Le 15 octobre, les principaux partis d’opposition du pays ont appelé au « boycott actif » de l’élection, dénonçant la décision d’Alassane Ouattara de se présenter malgré la limite de deux mandats prévue par la constitution, les décisions judiciaires qui ont interdit à Laurent Gbagbo et à un ancien allié d’Alassane Ouattara, Guillaume Soro, de se présenter, et le manque d’indépendance de la commission électorale.

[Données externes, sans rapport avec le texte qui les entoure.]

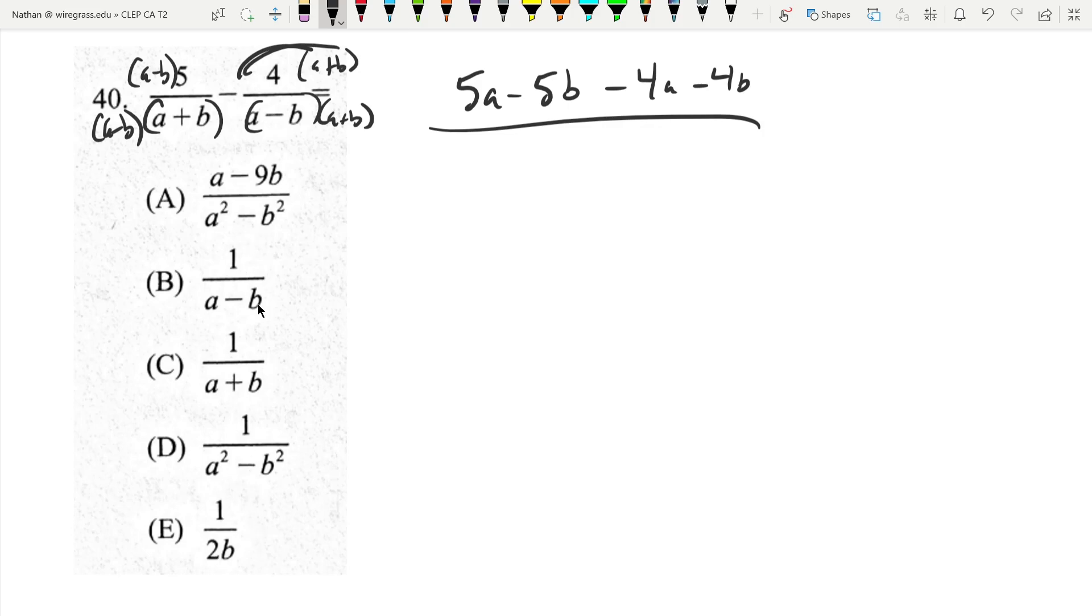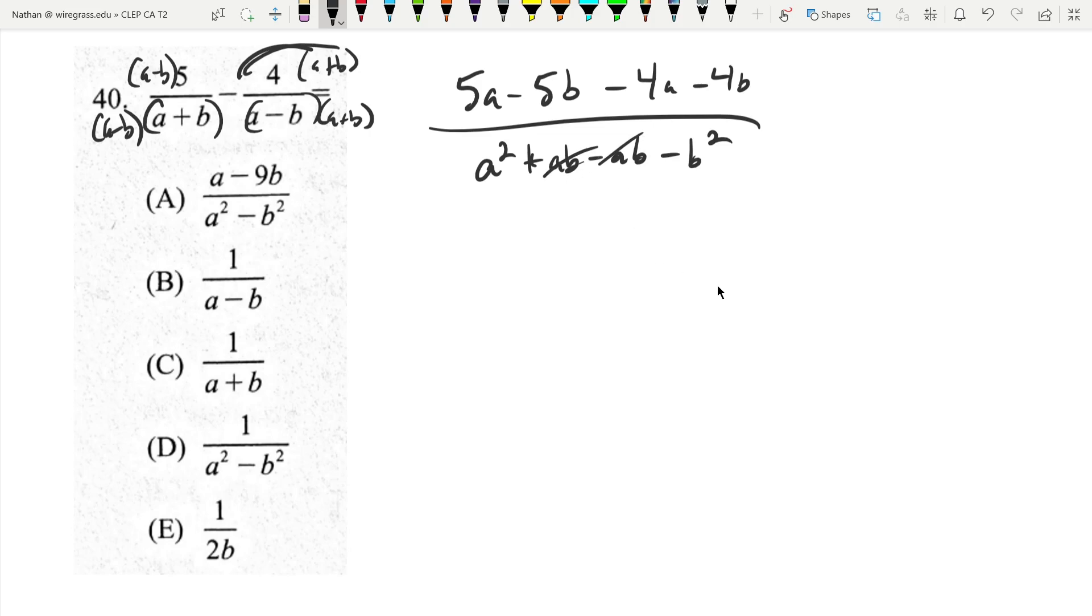On bottom, because the bottom has been multiplied out, I'm going to do that now. This is the same thing as a squared plus ab minus ab minus b squared. So those actually end up canceling.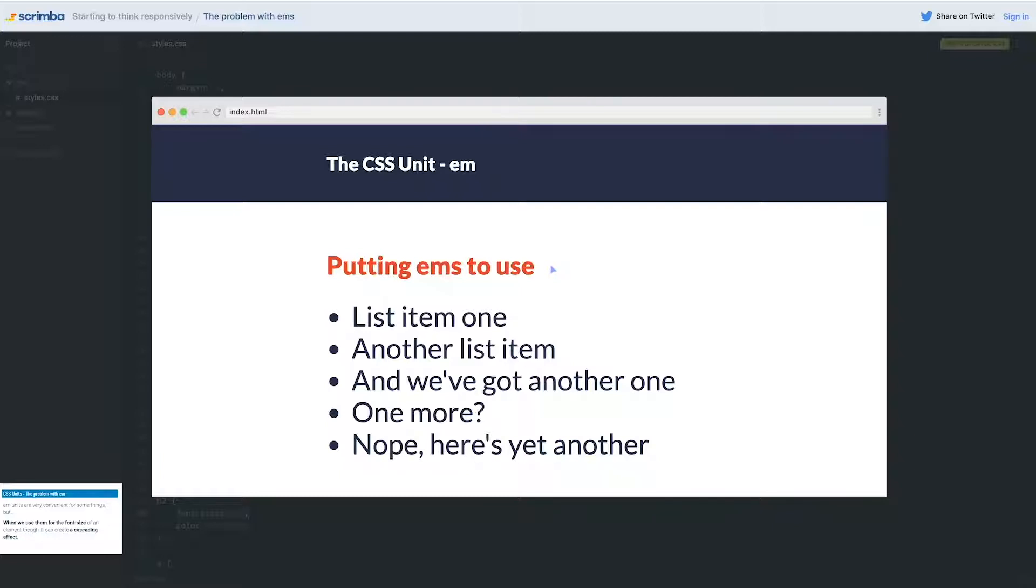If you're really good and you really know how to control this stuff, maybe you can do this on purpose and get away with it. But there's a solution that just makes our lives so much easier. I don't mess around with ems for font-size. So let's go and see what the solution is.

Dans les heures précédant l’annonce de la victoire d’Alassane Ouattara le 2 novembre, l’opposition a déclaré qu’elle ne reconnaissait pas Alassane Ouattara en tant que président et a instauré un Conseil national de transition, dirigé par un ancien président et leader de parti d’opposition, Henri Konan Bédié, dans le but d’organiser de nouvelles élections. Le 3 novembre, les forces de sécurité ivoiriennes ont encerclé la maison d’Henri Konan Bédié à Abidjan, le plaçant de facto en résidence surveillée, et ont mis fin au périmètre de sécurité uniquement le 11 novembre.

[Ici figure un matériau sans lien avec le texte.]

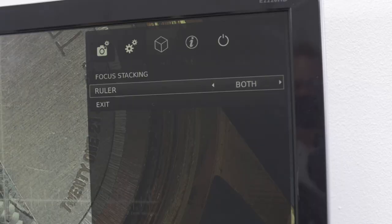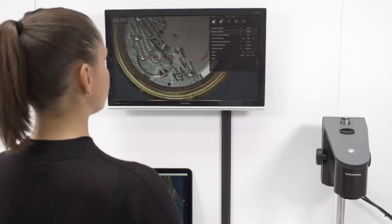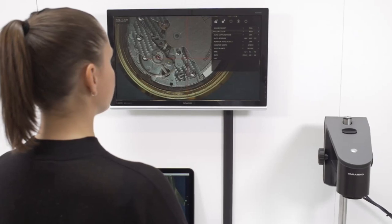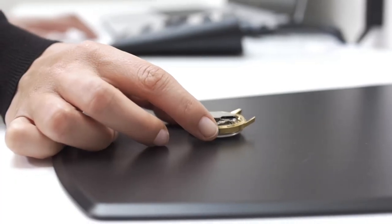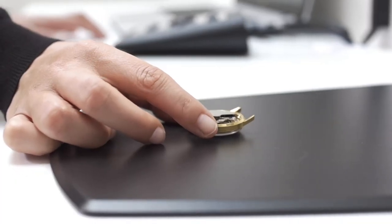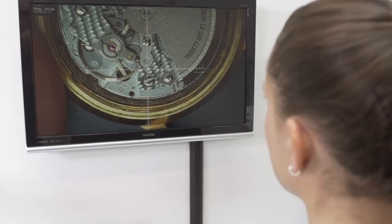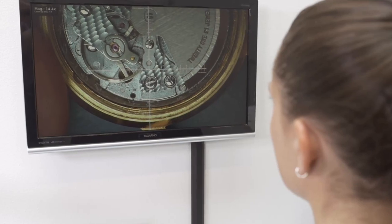The ruler function allows me to do precise on-screen measurements and also create documentation by saving images with graphics afterwards.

Dans les jours qui ont suivi l’élection, les tensions politiques et ethniques accrues ont conduit à de nouveaux affrontements entre manifestants de l’opposition et pro-gouvernement, y compris à Daoukro et M’Batto. Un leader de communauté à M’Batto a expliqué que le 9 novembre, une marche de l’opposition s’est terminée par des affrontements avec des partisans du gouvernement à coups de machettes, de bâtons et de fusils, faisant au moins cinq morts. Le 11 novembre, après 12 jours d’affrontements liés aux élections, Alassane Ouattara et Henri Konan Bédié se sont rencontrés pour essayer de calmer les tensions, s’engageant après la réunion à poursuivre le dialogue.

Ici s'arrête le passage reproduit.